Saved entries
--------------------------------

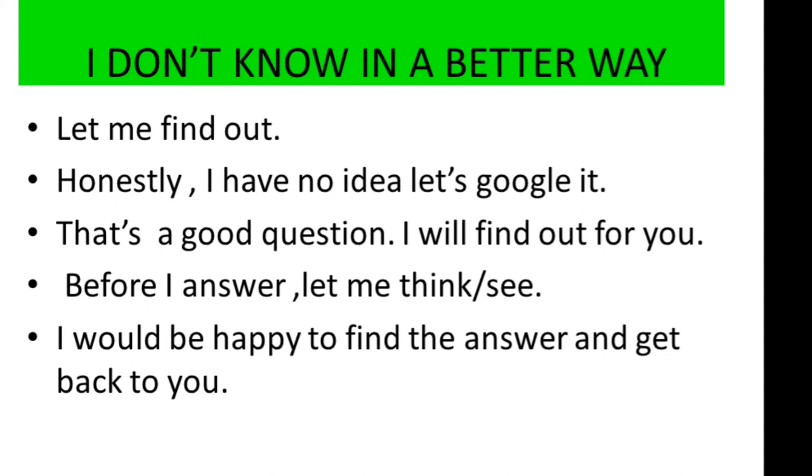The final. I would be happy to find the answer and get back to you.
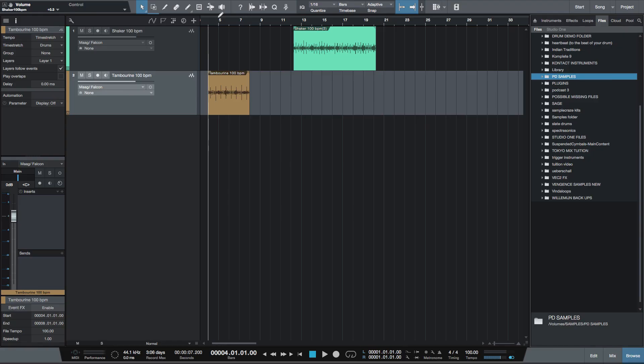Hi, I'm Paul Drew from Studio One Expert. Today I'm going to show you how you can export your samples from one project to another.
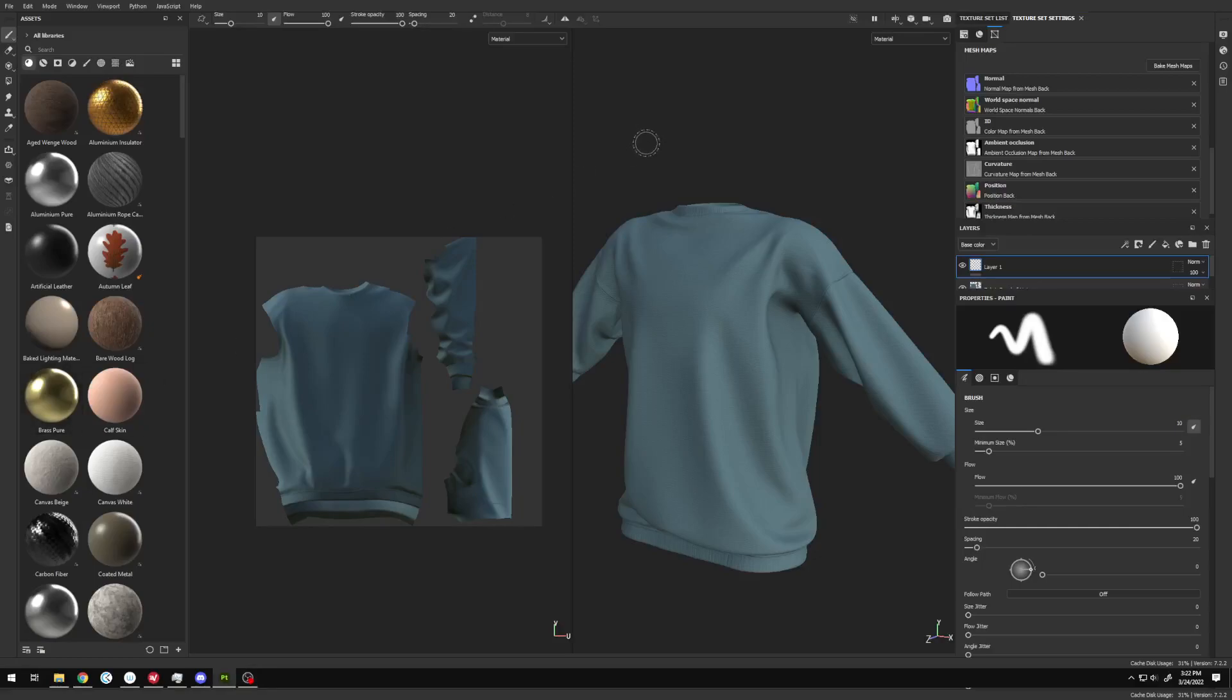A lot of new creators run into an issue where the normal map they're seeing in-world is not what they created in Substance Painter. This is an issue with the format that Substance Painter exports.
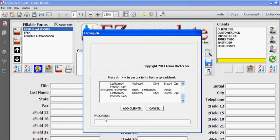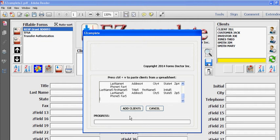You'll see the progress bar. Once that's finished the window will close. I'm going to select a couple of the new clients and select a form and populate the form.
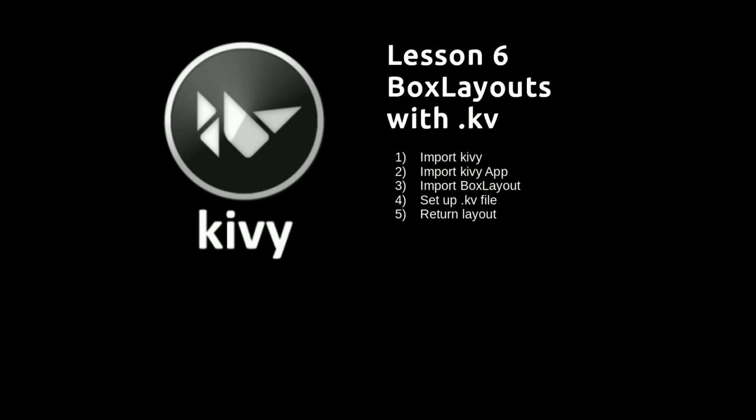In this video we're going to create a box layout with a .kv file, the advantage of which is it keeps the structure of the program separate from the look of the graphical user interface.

--------------------------------

#### Your task:
Copy exactly the lines that run from the line containing "A lot of new" to the end of the data above, keeping both end lines and leaving out all pictures.

#### Response to this task:
A lot of new creators run into an issue where the normal map they're seeing in-world is not what they created in Substance Painter. This is an issue with the format that Substance Painter exports.
You'll see the progress bar. Once that's finished the window will close. I'm going to select a couple of the new clients and select a form and populate the form.
In this video we're going to create a box layout with a .kv file, the advantage of which is it keeps the structure of the program separate from the look of the graphical user interface.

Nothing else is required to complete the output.